Since the last of the Apollo missions successfully explored the Moon more than thirty-five years ago, we haven't been back there to visit in person. Since then, though, unmanned spacecraft have explored the Moon, and, more recently, several nations are contemplating piloted missions to the Moon. In the interim, astronomers and engineers are re-evaluating some of the original Apollo observations and subsequent visual data about the Moon in light of accumulating reports that our nearest neighbor in outer space may still hold a few celestial secrets. For example, just what causes peculiar changes in light and shadow observed on the Moon? Are these phenomena for real? Do they pose a threat to future visits to the Moon? Pertinent observations and data are presented for you to answer these questions for yourself.
Roy Kaelin (B.S., Geology, University of Illinois at Urbana-Champaign, 1978; M.B.A., Iowa State University, 1984) brings to The Cleveland Museum of Natural History (CMNH) a background of teaching astronomy and other natural sciences at Loyola and DePaul universities and valuable administrative and sky-show experience from his years at Chicago's Adler Planetarium.
As Manager of Astronomy Education at CMNH, Roy joined the Astronomy Department at the start of 2007 to head up efforts to augment its educational offerings in astronomy, to enhance the production of sky shows presented at its Shafran Planetarium, and to establish a steady program of observation and imaging from its Mueller Observatory. Roy also conducts an astronomy seminar at Case Western Reserve University.

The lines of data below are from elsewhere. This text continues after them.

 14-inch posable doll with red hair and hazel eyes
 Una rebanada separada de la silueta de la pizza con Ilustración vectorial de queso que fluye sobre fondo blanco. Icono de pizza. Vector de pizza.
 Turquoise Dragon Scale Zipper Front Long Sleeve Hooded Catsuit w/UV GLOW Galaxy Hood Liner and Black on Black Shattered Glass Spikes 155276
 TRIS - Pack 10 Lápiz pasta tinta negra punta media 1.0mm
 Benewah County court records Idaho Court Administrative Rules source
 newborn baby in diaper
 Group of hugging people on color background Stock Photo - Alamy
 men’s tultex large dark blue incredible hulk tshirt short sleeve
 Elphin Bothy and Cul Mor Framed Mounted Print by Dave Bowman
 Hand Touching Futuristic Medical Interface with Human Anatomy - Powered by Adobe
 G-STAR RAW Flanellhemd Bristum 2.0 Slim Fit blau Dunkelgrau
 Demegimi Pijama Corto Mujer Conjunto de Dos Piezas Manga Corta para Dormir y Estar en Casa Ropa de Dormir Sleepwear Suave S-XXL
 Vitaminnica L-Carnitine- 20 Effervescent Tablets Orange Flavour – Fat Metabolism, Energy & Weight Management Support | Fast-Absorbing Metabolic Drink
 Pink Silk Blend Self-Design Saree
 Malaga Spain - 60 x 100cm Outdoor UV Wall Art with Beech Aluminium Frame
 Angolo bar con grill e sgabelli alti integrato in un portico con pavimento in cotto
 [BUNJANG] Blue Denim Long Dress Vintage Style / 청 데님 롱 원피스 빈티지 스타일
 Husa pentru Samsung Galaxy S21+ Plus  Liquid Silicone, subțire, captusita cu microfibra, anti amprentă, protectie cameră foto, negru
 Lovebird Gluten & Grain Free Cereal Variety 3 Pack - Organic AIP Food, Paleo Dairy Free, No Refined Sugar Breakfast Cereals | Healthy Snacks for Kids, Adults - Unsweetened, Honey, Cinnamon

Roy is an active member and an elected Fellow of the Great Lakes Planetarium Association, a member of the Cleveland Regional Association of Planetariums, a member of the governing board of the Cleveland Astronomical Society, and is also a sustaining member of the Association of Lunar and Planetary Observers.
A native of Illinois, Roy enjoys encouraging his astronomy students to appreciate the splendors of the night sky from Midwestern locales. Too, he's written popular and scientific articles on observational astronomy, telescope construction, and planet classification. He is also the author of The Star Machine and Other Tales, a collection of science fiction stories released in 2005.